EXTRACTED DATA Block Start

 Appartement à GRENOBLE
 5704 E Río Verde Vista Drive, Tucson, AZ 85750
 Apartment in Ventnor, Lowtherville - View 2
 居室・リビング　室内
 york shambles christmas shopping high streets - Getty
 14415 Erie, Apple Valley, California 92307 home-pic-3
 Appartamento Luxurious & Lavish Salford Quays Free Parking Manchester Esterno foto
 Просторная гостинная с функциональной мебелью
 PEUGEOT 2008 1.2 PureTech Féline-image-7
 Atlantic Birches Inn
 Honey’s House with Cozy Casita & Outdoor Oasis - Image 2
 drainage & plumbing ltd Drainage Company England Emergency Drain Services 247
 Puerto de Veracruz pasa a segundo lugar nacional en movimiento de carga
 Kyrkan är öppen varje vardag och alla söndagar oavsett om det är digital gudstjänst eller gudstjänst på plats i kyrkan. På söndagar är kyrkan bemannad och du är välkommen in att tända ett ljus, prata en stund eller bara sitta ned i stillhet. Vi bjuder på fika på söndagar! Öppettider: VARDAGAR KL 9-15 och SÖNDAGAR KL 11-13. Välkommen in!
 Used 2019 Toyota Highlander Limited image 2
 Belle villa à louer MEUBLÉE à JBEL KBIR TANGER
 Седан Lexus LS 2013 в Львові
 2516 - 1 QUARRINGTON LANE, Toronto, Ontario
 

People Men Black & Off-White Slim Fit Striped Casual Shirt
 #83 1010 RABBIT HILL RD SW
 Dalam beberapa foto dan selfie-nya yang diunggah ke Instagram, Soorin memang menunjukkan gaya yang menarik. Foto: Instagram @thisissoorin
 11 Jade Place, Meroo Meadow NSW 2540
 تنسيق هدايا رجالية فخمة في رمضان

EXTRACTED DATA Block End

[ASSIGNMENT] Wherever the string "foto" appears in the data above, copy the line it sits in.

[EXERCISE OUTPUT]
 Appartamento Luxurious & Lavish Salford Quays Free Parking Manchester Esterno foto
 Dalam beberapa foto dan selfie-nya yang diunggah ke Instagram, Soorin memang menunjukkan gaya yang menarik. Foto: Instagram @thisissoorin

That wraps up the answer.